The simple act of cleaning and decluttering before putting your home on the market can add thousands to your selling price, according to the HomeGain 2012 National Home Improvement Survey. Besides showing your home as a more spacious, blank canvas for the next homeowners, a big purge means that when it's time to move, it'll be easier and cost you less.

 

When faced with rooms full of amassed bric-a-brac and basements and storage lockers bulging at the seams, it's easy to feel overwhelmed. Where do you start? And how will you get rid of it all? We turned to two local professional organizers for advice.

 

Start the decluttering process at least a month in advance — longer if you have a large home or have been living there for a long time, recommends professional organizer and image consultant Rowena List, owner of Getting It Together. "Give yourself enough time. Most people underestimate how long it will take to declutter a home."

 

Limor Friedman, professional organizer and owner of Vancouver In The Box, advises spending at least a couple of hours per day in the month leading up to the open house sorting and getting rid of stuff — starting with the easiest jobs first.

 

"Before digging into the crawl space where you store old memories and photos, start with the present — with the stuff that you see every day and are less attached to," says Friedman, pointing to items like chipped dish sets, old clothing, and children's  toys. "After the first 'sort and purge,' you will feel so much better. Then you will be ready to tackle the past — the old items you have left in the basement or the attic."

 

Once you've decided where you'll start, it's time to get ruthless. List suggests that you arm yourself with plenty of heavy-duty black garbage bags, then designate sorting areas: donate, sell or consignment, and toss.

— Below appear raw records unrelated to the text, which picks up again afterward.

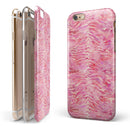 Pink Watercolor Tiger Pattern iPhone 6/6s or 6/6s Plus 2-Piece Hybrid INK-Fuzed Case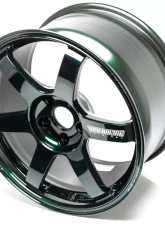 Volk Racing TE37 Saga S-plus Wheel 18x9.5 5x114.3 38mm Racing Green                                     - WVDG2X38EIG - Image 3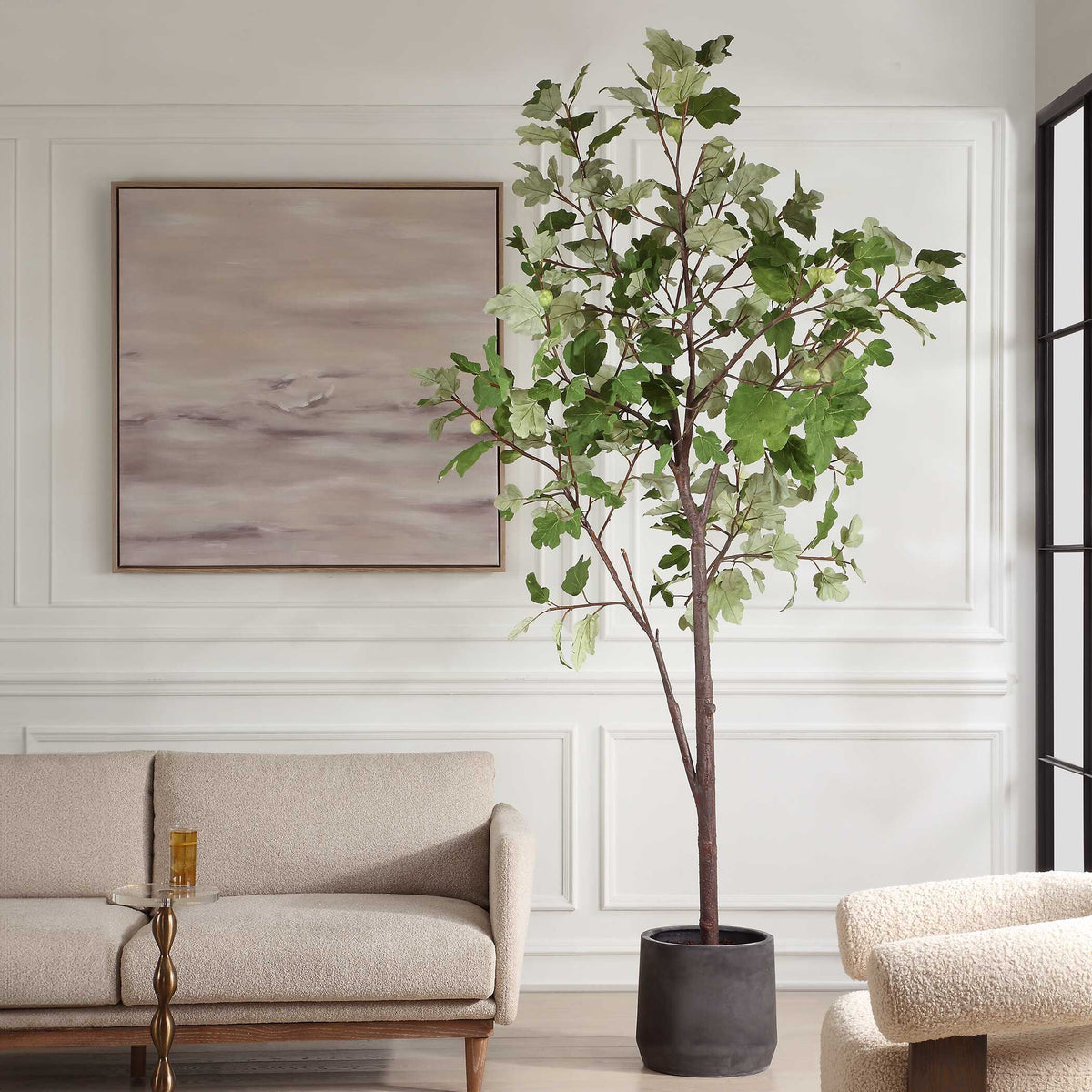Eden Potted Fig Tree - Green by Uttermost - View 2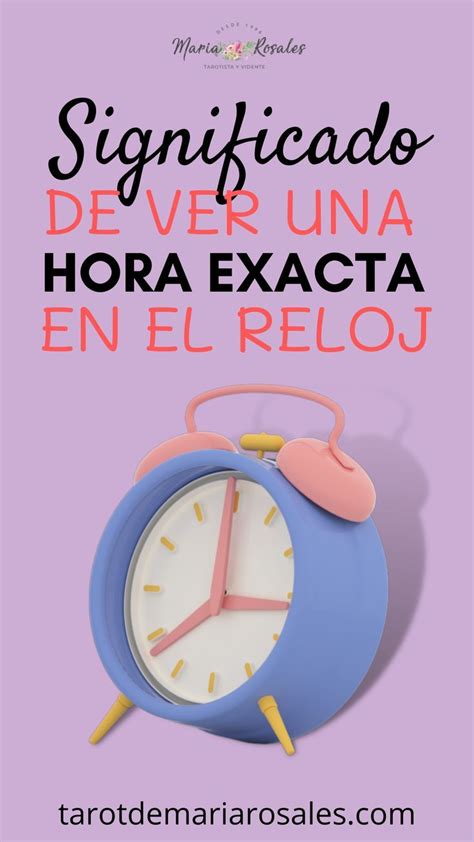 Significado De Ver Una Hora Exacta En El Reloj Artofit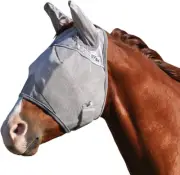Unscented Micro-mesh Crusader Horse Fly Mask w/ Ears for All Life Stages & Ages
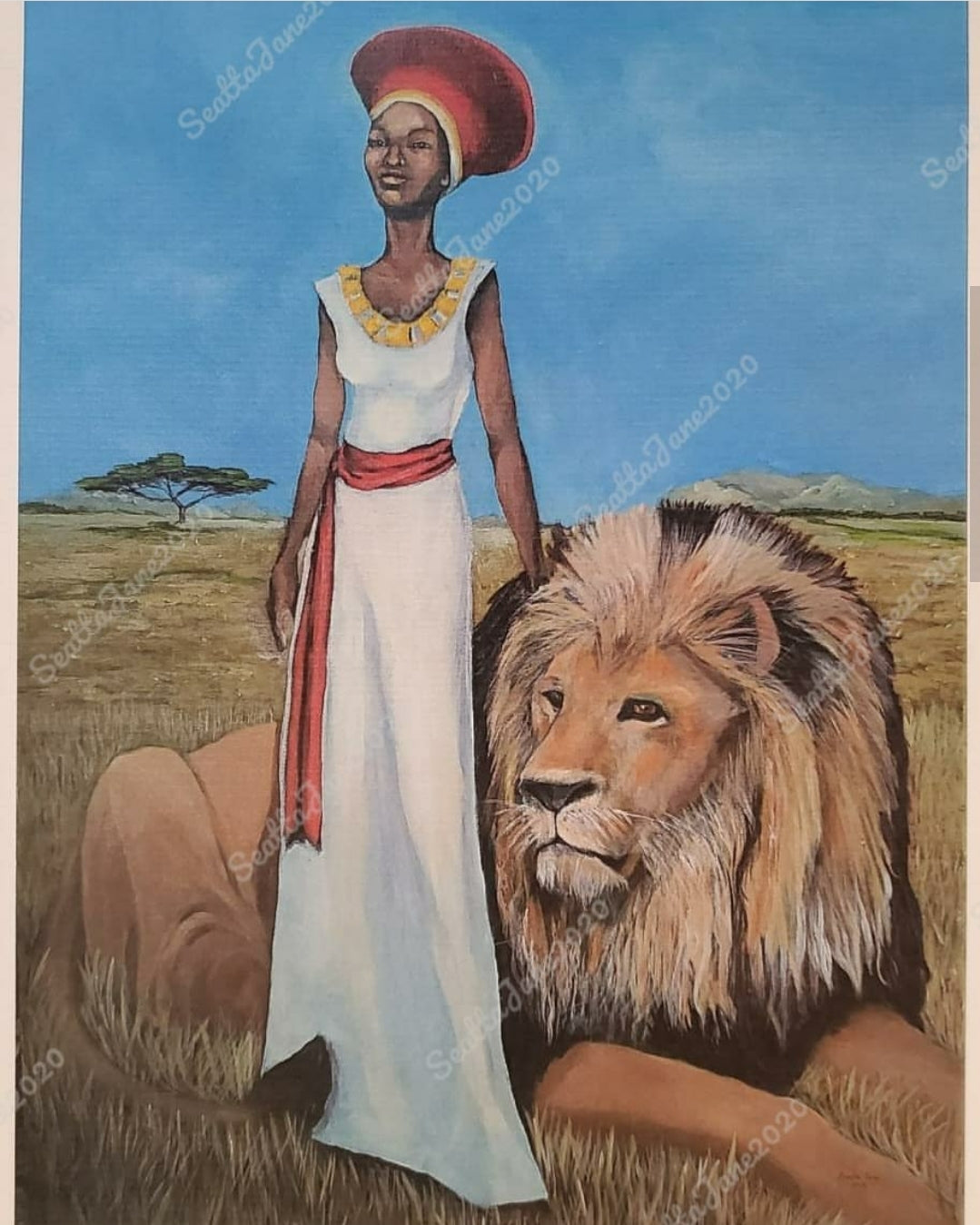 PROFESSIONAL ART PRINTS by Seatta Jane: Piece "Judah"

Things like broken and rusty appliances or torn or stained clothing headed for the trash pile are the easiest to determine. Deciding what to keep versus what to donate, sell, or even recycle can be tougher.  

Evaluate each item and ask yourself what purpose it serves. Is it irreplaceable? When was the last time you used it?

 

"What are the chances that your next new printer will come without a cable?" says Friedman. "Recycle the old cables you held on to for years."

 

Remember the end goal.

 

"Only keep what you need, use, and love," says List, noting that people tend to use only 20% of their things 80% of the time. "Most people live in fear of 'what if I need it?'" I support my clients in living with a faith-based mentality: believing that what they have is what they need... once we do the sorting."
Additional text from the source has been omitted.